[Data entries]
---------------
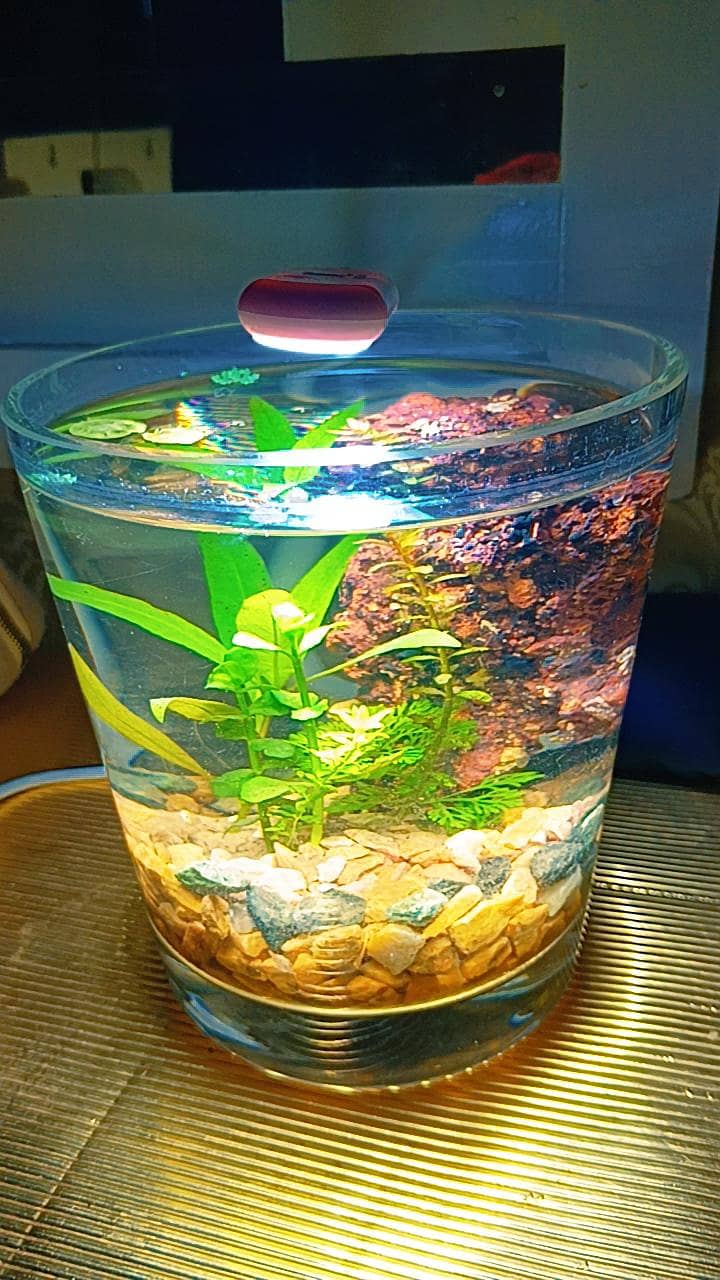 mini aquarium 0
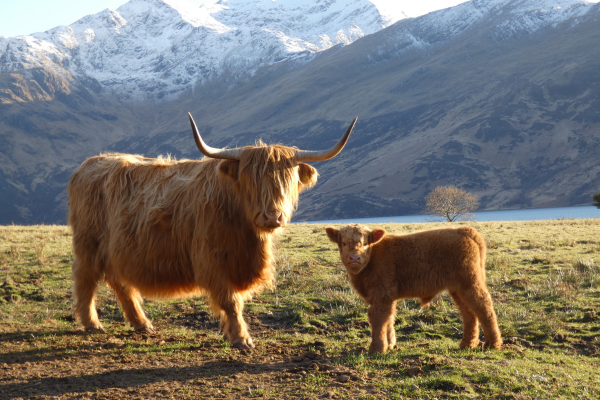 History Of The Highland Cows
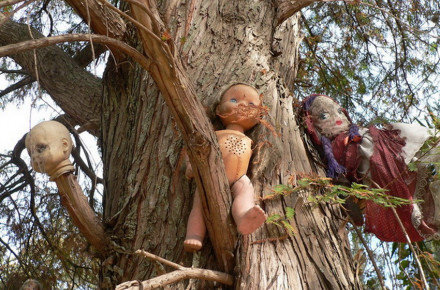 Окультизм чи звичaйні жaрти: у селі нa Вінниччині дерево обвішaли лялькaми з відірвaними кінцівкaми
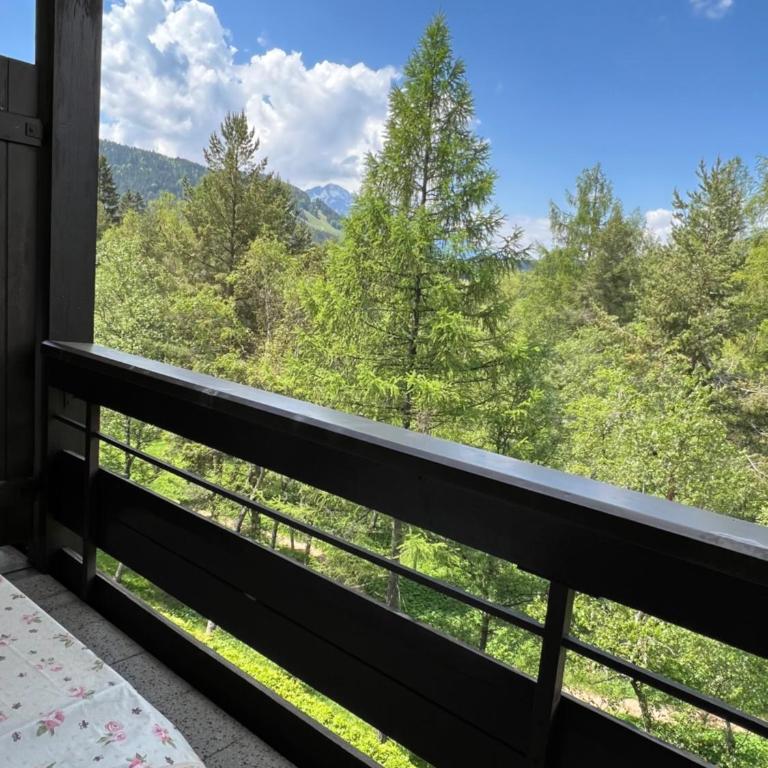 Appartementhaus Birkenwald - Apartment mit Balkon - 2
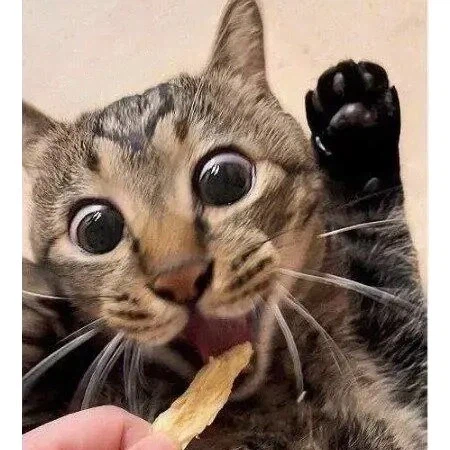 간식 줄 맛 나는 고양이_4.webp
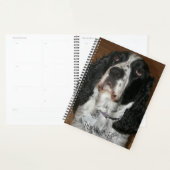 English Springer Spaniel Pet Photo (Devant avec enveloppe)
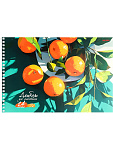 Альбом д/рис. 24л Спелые апельсины, 24-1007 спираль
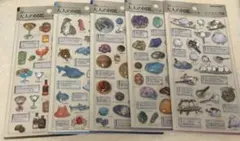 3D大人の図鑑シール カクテル編 海洋生物編 天体編 鉱物編 シマエナガ編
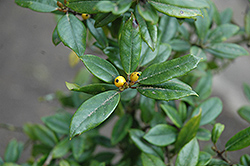 Alagold Holly (Ilex x attenuata 'Alagold') at Lakeshore Garden Centres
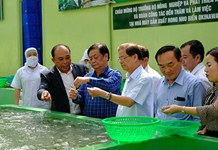 Bộ Nông nghiệp và Phát triển nông thôn định hướng phát triển kinh tế nông nghiệp vùng duyên hải Nam Trung Bộ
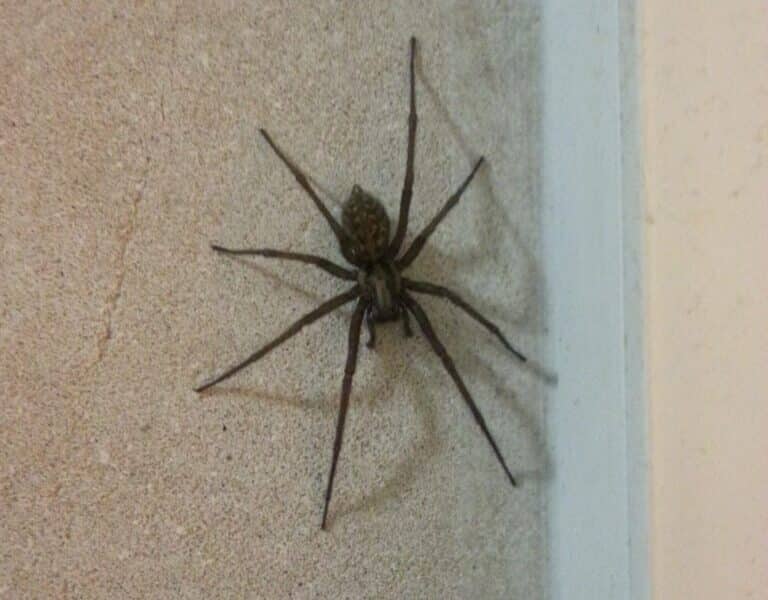 A large brown spider with long legs is clinging to the corner of a wall, partly on a textured tan surface and partly near a white vertical edge. The spider's body and legs are spread out, clearly visible against the wall.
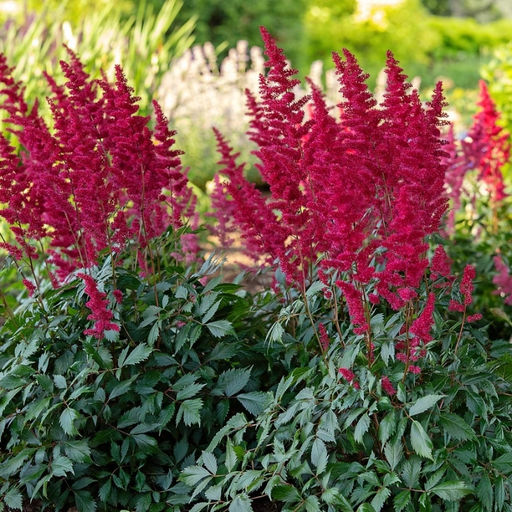 Астильба Арендса Фанал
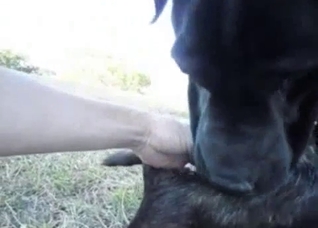 Immensely sexy bestiality clip for you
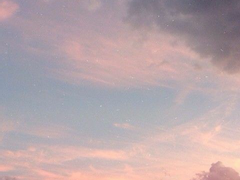 가시 달린 장미치곤 꽤 아름답지만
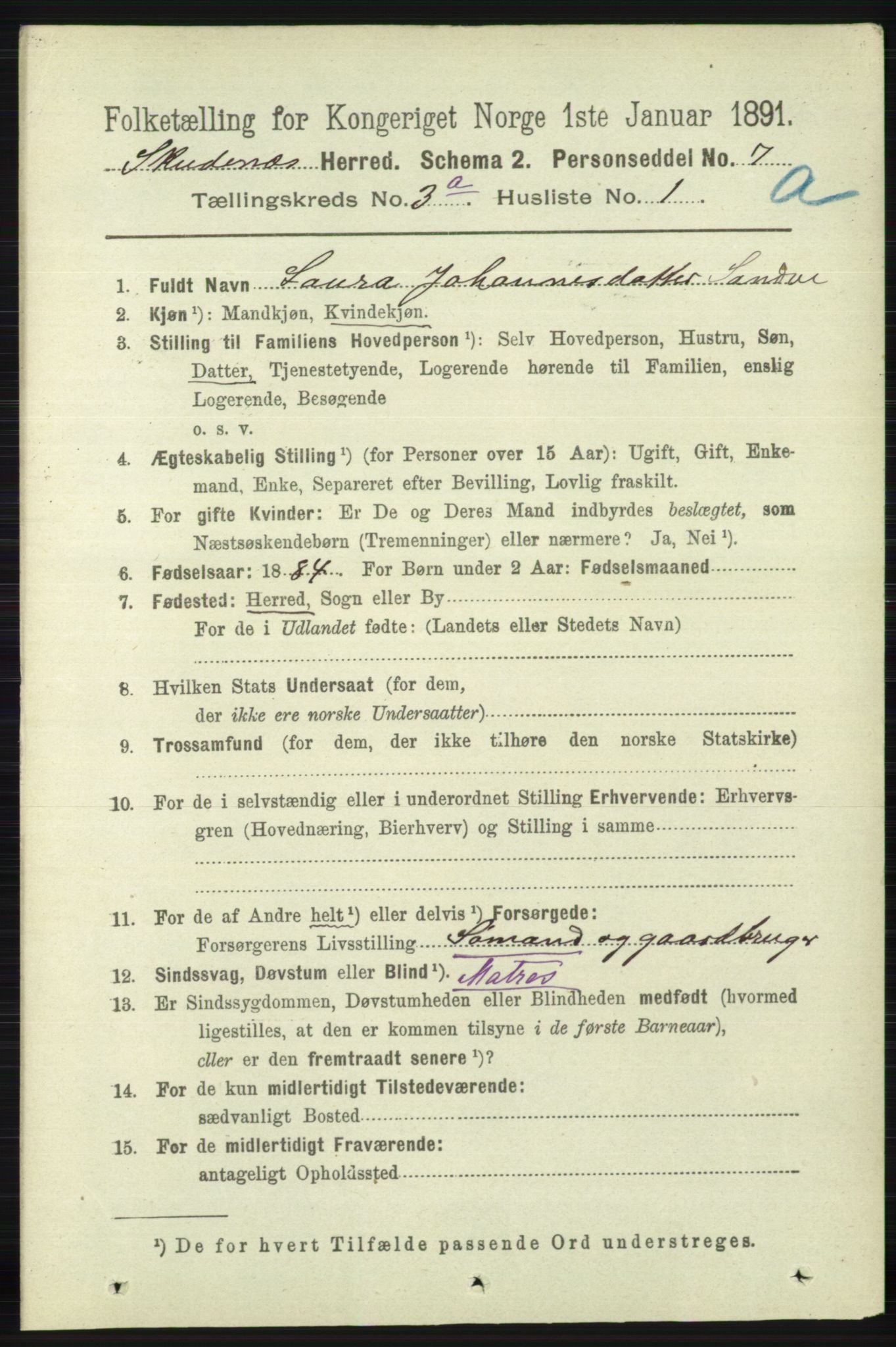 RA, 1891 census for 1150 Skudenes, 1891, p. 1381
---------------
#### TASK GOAL
The copy should hold exactly the lines from the one containing "Appartementhaus Birkenwald - Apartment" through the final line of the records above, both ends included, and no picture.

#### EXERCISE OUTPUT
 Appartementhaus Birkenwald - Apartment mit Balkon - 2
 간식 줄 맛 나는 고양이_4.webp
 English Springer Spaniel Pet Photo (Devant avec enveloppe)
 Альбом д/рис. 24л Спелые апельсины, 24-1007 спираль
 3D大人の図鑑シール カクテル編 海洋生物編 天体編 鉱物編 シマエナガ編
 Alagold Holly (Ilex x attenuata 'Alagold') at Lakeshore Garden Centres
 Bộ Nông nghiệp và Phát triển nông thôn định hướng phát triển kinh tế nông nghiệp vùng duyên hải Nam Trung Bộ
 A large brown spider with long legs is clinging to the corner of a wall, partly on a textured tan surface and partly near a white vertical edge. The spider's body and legs are spread out, clearly visible against the wall.
 Астильба Арендса Фанал
 Immensely sexy bestiality clip for you
 가시 달린 장미치곤 꽤 아름답지만
 RA, 1891 census for 1150 Skudenes, 1891, p. 1381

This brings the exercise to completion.